Client Alert | 11 min read | 07.22.24

Introduction:

In the ever-evolving landscape of English law credit agreements in the European leveraged loan market, the dynamics of lending have undergone significant transformations in the last few years. One issue that has gained prominence is the increase in limits on the ability of lenders to transfer their loans and the associated restrictions imposed on potential new lenders. European syndicated loan agreements have historically included a standardised and expected set of transfer restrictions applicable to prospective lenders, reflective of the market guidance and templates issued by the Loan Market Association (“LMA”). Certainty of terms and the capability of an existing lender to sell out of a loan position have been the hallmark (and expectation) of the LMA loan market. However, trends in the drafting of credit agreements have contained a concerning increase in limitations on loan liquidity. As a result, many lenders are finding it difficult to sell their distressed loans. This article explores these trends, as well as their implications on the secondary loan trading market.

Understanding Transfer Restrictions:

For the most part, transfer restrictions are embodied in the clauses within credit agreements that dictate the conditions under which a loan may be transferred from a lender to another party. Borrower consent is also often required for transfers to a party that is not a lender, subject to certain exceptions.  Typically, no consent would be necessary for a loan assignment (a) to a party on an approved list, (b) to a current lender or one of its affiliates or related funds or (c) during a borrower insolvency or event of default. In any other circumstances, consent of the borrower (usually not to be unreasonably withheld or delayed) will be required.  However, it has become increasingly commonplace for these once “typical” exceptions to be modified in significant ways.

Recent trends indicate a heightened level of scrutiny by borrowers and their private equity sponsors and consequently more stringent consent requirements for the transfer of loans. Borrowers and sponsors have become more focused on the identity, strategy and creditworthiness of potential new lenders entering into the lending syndicate. This has led to a more comprehensive assessment of prospective lenders being performed by agents and borrowers, and ultimately an increase in consents being denied.

Failure of a prospective lender to acquaint itself with these transfer restrictions can result in extended settlement delays, economic harm, trade failure, and, in some circumstances, being found to be in breach of the underlying credit agreement. As a result, it is critical to perform the necessary due diligence when considering any secondary purchase. It is also prudent to consider the limits on a lender’s ability to exit the facility in the future.

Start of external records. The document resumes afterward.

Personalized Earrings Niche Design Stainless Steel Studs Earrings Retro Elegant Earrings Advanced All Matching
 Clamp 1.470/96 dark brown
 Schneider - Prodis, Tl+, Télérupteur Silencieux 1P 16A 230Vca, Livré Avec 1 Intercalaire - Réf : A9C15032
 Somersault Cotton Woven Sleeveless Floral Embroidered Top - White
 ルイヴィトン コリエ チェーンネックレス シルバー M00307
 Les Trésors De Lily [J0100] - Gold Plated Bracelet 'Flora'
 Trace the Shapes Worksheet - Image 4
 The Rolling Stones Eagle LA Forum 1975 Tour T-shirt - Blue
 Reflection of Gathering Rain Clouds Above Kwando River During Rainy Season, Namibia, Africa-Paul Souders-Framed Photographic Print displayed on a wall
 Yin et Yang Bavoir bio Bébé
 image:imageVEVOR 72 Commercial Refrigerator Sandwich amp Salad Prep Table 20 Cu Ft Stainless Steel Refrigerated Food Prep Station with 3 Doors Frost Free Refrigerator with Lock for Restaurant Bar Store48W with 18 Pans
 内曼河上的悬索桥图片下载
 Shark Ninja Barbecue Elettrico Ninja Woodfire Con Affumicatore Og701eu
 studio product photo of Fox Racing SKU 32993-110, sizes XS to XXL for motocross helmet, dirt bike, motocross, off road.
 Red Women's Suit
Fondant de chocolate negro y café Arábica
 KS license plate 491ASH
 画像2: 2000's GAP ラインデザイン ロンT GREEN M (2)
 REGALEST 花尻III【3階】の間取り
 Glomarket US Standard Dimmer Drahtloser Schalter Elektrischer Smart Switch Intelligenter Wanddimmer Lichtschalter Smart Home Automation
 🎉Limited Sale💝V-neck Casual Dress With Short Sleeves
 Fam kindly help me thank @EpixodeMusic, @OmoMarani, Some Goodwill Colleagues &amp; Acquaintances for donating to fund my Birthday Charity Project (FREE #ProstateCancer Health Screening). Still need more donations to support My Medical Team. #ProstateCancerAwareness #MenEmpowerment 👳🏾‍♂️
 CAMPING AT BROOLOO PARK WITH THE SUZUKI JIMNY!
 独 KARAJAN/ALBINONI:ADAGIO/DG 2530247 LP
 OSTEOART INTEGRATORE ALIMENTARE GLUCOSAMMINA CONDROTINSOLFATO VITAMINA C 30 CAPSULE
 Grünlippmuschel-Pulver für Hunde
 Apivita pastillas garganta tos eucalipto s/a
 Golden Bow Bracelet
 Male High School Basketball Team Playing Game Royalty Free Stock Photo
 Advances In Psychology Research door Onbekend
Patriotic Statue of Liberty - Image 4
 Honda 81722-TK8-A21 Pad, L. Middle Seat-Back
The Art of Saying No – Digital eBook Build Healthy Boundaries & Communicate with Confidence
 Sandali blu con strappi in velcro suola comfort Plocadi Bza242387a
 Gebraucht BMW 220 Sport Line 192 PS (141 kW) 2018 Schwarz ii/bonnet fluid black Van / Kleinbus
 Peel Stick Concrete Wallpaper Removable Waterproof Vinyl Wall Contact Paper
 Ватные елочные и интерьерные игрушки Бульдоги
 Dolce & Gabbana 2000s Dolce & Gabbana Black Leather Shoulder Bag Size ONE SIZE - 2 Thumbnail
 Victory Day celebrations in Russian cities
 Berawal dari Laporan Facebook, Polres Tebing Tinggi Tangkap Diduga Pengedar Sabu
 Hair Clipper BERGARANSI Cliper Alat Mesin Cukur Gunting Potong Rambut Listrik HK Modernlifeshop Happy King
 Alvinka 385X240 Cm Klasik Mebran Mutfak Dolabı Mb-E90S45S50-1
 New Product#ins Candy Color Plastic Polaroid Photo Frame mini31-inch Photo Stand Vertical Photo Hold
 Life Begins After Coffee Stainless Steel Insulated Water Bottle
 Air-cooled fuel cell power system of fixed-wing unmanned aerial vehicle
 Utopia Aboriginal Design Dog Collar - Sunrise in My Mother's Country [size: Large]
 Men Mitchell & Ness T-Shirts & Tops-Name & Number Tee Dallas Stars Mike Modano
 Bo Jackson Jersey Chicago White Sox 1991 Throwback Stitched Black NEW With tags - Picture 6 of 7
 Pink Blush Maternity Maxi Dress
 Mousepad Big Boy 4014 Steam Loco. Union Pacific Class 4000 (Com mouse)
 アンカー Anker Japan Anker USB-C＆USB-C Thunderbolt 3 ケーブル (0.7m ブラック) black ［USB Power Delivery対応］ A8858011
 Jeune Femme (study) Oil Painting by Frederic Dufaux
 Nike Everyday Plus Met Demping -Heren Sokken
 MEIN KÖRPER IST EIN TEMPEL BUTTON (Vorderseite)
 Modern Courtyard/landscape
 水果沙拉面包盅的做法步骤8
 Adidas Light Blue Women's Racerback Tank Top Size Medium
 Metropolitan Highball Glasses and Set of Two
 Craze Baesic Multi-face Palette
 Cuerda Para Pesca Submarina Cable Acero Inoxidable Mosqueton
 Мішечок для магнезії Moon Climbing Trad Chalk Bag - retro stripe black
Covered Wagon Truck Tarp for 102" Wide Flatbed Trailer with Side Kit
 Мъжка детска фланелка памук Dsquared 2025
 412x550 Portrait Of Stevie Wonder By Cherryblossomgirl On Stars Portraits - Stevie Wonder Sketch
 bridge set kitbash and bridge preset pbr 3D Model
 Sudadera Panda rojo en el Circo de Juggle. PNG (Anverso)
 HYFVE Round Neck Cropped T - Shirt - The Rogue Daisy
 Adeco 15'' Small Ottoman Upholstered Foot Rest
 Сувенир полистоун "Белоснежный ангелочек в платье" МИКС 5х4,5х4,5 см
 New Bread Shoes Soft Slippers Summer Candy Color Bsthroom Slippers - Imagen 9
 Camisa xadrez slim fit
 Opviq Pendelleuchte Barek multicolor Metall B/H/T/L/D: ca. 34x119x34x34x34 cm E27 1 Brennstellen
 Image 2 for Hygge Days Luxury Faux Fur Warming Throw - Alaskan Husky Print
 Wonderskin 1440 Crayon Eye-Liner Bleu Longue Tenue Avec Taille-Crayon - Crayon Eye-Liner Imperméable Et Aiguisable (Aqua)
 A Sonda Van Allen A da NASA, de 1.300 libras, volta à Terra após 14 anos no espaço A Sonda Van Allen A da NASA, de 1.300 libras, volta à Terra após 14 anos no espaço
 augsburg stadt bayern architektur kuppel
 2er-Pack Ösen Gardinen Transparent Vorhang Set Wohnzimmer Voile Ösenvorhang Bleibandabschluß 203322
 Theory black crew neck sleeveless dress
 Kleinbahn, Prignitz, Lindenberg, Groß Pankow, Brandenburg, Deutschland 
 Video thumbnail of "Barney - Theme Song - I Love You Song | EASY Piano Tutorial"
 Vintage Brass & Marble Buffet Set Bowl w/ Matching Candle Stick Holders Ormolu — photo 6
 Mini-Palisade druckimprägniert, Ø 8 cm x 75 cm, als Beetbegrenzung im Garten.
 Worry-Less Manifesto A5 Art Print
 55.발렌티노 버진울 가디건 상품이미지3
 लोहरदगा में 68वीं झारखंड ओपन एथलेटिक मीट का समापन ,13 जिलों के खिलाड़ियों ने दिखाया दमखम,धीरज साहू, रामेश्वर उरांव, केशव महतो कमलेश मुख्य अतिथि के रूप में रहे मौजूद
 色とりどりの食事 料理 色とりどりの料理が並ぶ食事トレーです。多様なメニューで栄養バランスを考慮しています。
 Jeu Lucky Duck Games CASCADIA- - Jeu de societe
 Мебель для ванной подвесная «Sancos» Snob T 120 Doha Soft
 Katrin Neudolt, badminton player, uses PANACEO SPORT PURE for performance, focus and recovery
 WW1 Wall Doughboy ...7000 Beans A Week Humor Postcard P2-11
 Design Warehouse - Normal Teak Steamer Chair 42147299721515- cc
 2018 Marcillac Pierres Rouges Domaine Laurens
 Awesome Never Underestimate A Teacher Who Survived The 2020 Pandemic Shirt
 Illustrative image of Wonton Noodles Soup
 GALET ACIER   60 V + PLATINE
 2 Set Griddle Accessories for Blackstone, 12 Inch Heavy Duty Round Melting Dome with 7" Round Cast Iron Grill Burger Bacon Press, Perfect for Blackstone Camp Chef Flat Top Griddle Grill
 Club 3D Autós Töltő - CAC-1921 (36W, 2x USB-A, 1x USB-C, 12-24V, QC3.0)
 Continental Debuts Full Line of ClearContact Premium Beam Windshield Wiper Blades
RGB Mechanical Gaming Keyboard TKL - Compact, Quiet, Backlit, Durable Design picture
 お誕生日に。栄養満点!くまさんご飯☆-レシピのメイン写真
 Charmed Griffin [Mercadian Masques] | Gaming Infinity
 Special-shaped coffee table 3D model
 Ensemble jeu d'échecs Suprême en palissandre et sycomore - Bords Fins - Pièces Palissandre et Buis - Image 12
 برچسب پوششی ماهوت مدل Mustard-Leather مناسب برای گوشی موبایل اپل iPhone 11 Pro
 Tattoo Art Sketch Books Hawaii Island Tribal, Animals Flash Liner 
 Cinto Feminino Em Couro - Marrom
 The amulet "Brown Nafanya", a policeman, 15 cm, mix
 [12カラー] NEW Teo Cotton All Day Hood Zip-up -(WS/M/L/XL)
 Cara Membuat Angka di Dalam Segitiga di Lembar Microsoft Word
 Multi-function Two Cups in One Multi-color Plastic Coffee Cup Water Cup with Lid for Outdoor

Approved Lender / White List concepts:

It has been standard practice to include an “agreed” or “approved” list of entities to which a loan can be transferred without the need for borrower consent. This list can usually be updated a set number of times during the lifetime of the loan, and generally includes the ability to remove up to 3-5 names in each year (with the express condition that there is no ability to remove existing lenders). However, increasingly credit agreements impose additional carve-outs to the approved list concept, and simply being on such list is no longer a guarantee that consent will not be required. Further recent limitations to the spirit of the “approved list” concept include:

  • There is not always an overall cap on the numbers of names that may be removed from such a list, and no automatic provision to agree substitute names to the list;
  • Names on the approved list may be expressly limited to banks and “par funds” only;
  • Carve-outs to the types of entity on the approved list are becoming increasingly commonplace, in particular the exclusion of loan-to-own/distressed investors and competitors (or similar); and
  • Being on the approved list does not always mean a transfer is automatically approved; several credit agreements still include notification or consultation formalities. In such circumstances, a transferring lender may still be required to notify or consult with the borrower or sponsor prior to the transfer being made effective, even if such proposed new lender is on the approved list.

Lenders and buy-side investors should be wary of such restrictions, and prioritise carefully reviewing the underlying transfer provisions.  Delays in confirming whether a proposed new lender is or is not on the approved list and obtaining access to such a list further adds to the increasing difficulty of entering into a credit agreement. For some proposed new lenders, the approved list no longer provides an automatic guarantee that such new lender has the “green light”, and as a result careful consideration of such provisions is necessary.

Disqualified Lender / Restricted List / Blacklist Concepts:

Although more typical of US-based loan agreements and trades under terms and conditions of the Loan Syndication and Trading Association (“LSTA”), the “Disqualified Lender” concept has begun to gain traction in the European loan market. Some borrowers have sought to remove the approved list mechanism and instead include a disqualified lender list that applies regardless of whether there has been a borrower event of default. Certain credit agreements include both an approved list and a disqualified list.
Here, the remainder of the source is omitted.